A Symbolic Interpretation of a ‘Halloween Knock-Off’
As I was watching Kill Bill, Vol. 1—specifically, the scene where Beatrix Kiddo lodges a hatchet in the skull of one of the Crazy 88—it occurred to me that I had seen this gruesome image the week before while watching Friday the 13th. There too, a hatchet is firmly embedded down the middle of, camp counselor, Marcie’s forehead. So then, was Kill Bill director, Quentin Tarentino, paying homage to Friday the 13th? If so, it would mean Tarentino’s tribute to the 1981 slasher film was part of an infinite regress in cinema semiotics considering that the aforementioned axe-murdering scene from Friday the 13th’s takes place in a Camp Crystal Lake shower stall; itself, an obvious homage to the shower-scene murder in Alfred Hitchcock’s Psycho.

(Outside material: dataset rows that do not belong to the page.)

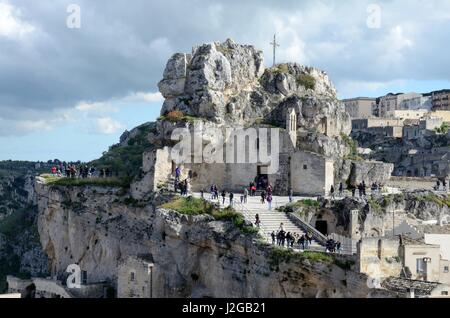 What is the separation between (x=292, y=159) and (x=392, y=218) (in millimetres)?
7654

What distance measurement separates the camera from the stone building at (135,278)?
44.5 m

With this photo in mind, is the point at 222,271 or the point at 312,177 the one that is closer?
the point at 222,271

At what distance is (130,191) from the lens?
53.8 meters

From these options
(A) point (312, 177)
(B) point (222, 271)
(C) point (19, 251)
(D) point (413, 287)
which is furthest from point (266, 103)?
(C) point (19, 251)

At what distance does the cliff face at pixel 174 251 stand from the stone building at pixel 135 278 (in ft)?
1.64

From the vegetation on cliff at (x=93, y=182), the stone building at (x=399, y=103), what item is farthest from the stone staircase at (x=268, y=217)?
the stone building at (x=399, y=103)

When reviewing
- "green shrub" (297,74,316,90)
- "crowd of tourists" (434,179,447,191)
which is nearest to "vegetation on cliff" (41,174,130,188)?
"green shrub" (297,74,316,90)

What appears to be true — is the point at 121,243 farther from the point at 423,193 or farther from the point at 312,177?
the point at 423,193

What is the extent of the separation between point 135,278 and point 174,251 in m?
3.46

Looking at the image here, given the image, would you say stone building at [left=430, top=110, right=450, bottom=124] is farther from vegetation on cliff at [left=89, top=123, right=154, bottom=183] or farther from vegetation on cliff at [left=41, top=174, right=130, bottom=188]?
vegetation on cliff at [left=41, top=174, right=130, bottom=188]

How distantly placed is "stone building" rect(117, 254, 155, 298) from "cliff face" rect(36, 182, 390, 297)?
500mm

This, of course, contradicts film scholar Vera Dika’s observation that “Friday the 13th has no artistic pretensions, no film school ‘allusions’ or ‘homages’” (Sleaze Artists, p.230). Dika’s examination of the slasher flick—which Matt Hills discusses in his essay “Para-Paracinema”—seems either wholly uninformed or peripheral at best. Whether it was consciously or subconsciously intentional, Friday the 13th’s creators and scriptwriters managed to allude to several primal, semiotic images within the film’s mis-en-scene; thus, making it manifest to dismiss Dika's exceedingly shortsighted remarks. It doesn’t take an academic scholar endless hours in the corner of some marble-hall’d library—his/her eyes permanently affixed to countless volumes of books that have acquired several layers of dust from disuse—to point out that there are several antediluvian, metaphoric constants in Friday the 13th. Just a quick skim through my copy of Dictionary of Symbols, requires little brain power, elbow grease, or burning of midnight oil, yet can turn up some surprising results.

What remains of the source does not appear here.